A stock option held to expiry in-the-money turns into real share delivery, not cash. One in-the-money RELIANCE lot means 500 shares changing hands, worth about Rs 6,59,000. A seller assigned on a stock option must deliver or take those shares. Never let a stock option drift into expiry by accident.

The settlement price, not the last tick

When the exchange decides whether your option is in-the-money and by how much, it does not use the last tick you happened to see. It uses an official final settlement price, a closing value the exchange calculates for the underlying at the end of expiry day. For an index option it is the closing value of the index; for a single-stock option it is the exchange-defined closing price of the share, a volume-weighted average over the closing window rather than a single last tick. The practical point for a beginner is that you cannot pick the exact moment of settlement. Your in-the-money option is measured against this one official number, whatever it turns out to be, which is another reason many traders prefer to close a position themselves at a price they can see rather than leave the outcome to the closing calculation.

Square off in time: the practical rule

All of this leads to one simple habit that protects most beginners, which is to square off in time. To square off means to close the position before expiry by taking the opposite trade, selling the option you bought, or buying back the option you sold. Once you have squared off, you have no position left to settle, and expiry day holds no surprises for you.

Most option traders, retail and professional alike, close their positions before expiry rather than carry them into settlement. They do this for three reasons. First, it avoids the physical-delivery obligation on stock options entirely. Second, exercising or being assigned on an in-the-money option carries its own settlement tax on the full intrinsic value, an extra cost that closing in the market avoids. Third, it lets you control the exit at a price you can see, rather than being settled at a single official closing value you cannot influence.

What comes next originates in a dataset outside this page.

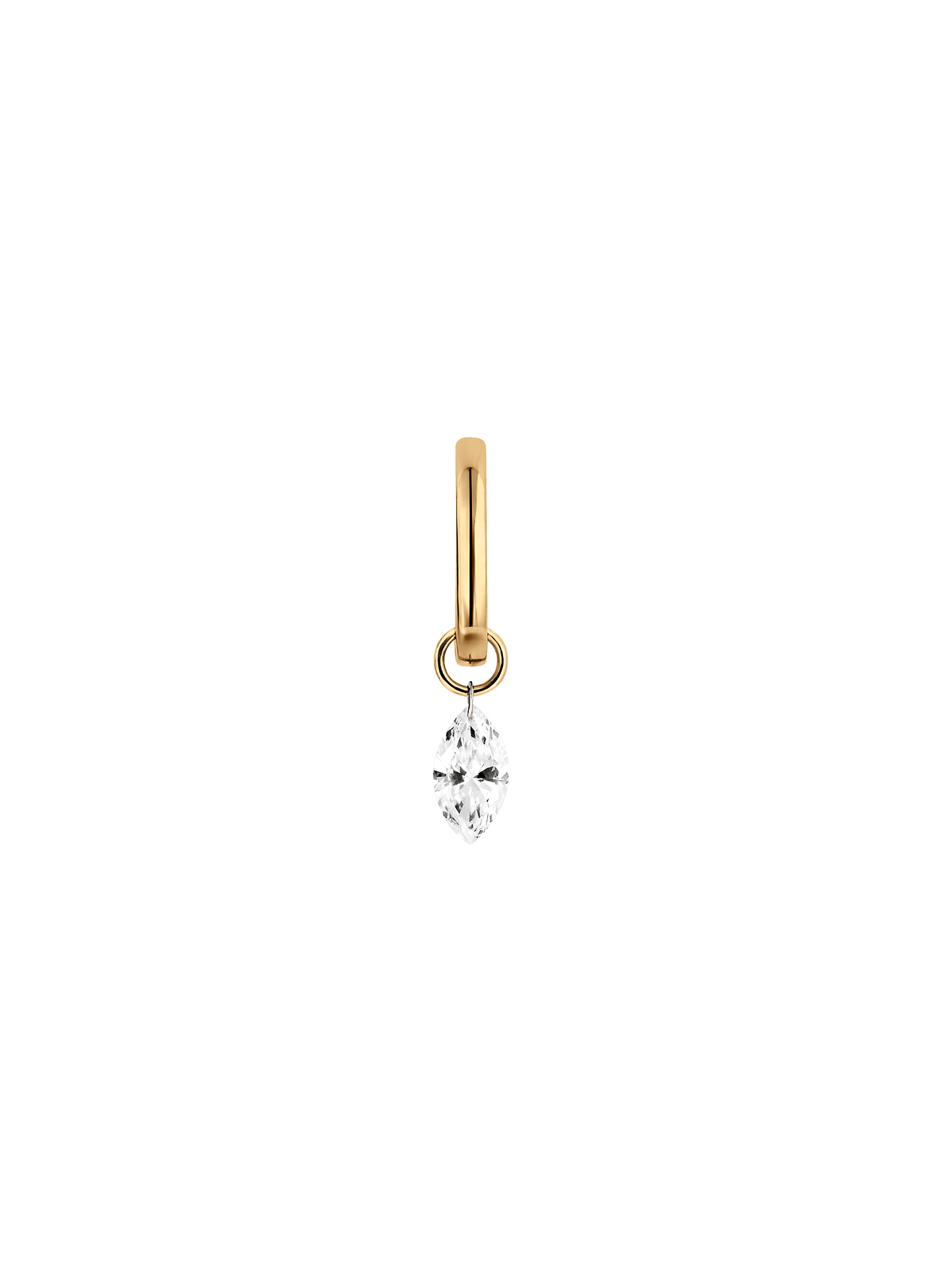 14K FLOATING MARQUISE HUGGIE EARRING IN LAB DIAMOND, 14K YELLOW GOLD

The rule for a beginner is plain. Do not hold a stock option into the final hours of expiry unless you fully intend to take or give delivery and have the cash or shares to do it. If you are unsure, close the position with time to spare. The convenience of auto-exercise is real, but it is not a reason to be careless, because the same automatic system that pays a buyer can saddle a forgetful seller with a delivery worth lakhs.

On expiry day an in-the-money option is auto-exercised and pays its intrinsic value, while at-the-money and out-of-the-money options expire worthless; the seller of an in-the-money option is assigned and must settle, in cash for an index and in share delivery for a stock.
DiagramOn expiry day an in-the-money option is auto-exercised and pays its intrinsic value, while at-the-money and out-of-the-money options expire worthless; the seller of an in-the-money option is assigned and must settle, in cash for an index and in share delivery for a stock.
Tip

The safe default for a beginner is to square off before expiry. Closing the position yourself removes any assignment or delivery risk, avoids the settlement tax on exercise, and lets you exit at a price you can see rather than one official close.

Expiry is where an option finally tells the truth. The hope you paid for has melted away, and only the hard intrinsic value remains. For a buyer that means a payout if you finished in-the-money and a total loss if you did not. For a seller it means assignment, in cash on an index and in real shares on a stock. Understand both sides before you ever hold a contract to its last day, and make squaring off in time your default habit.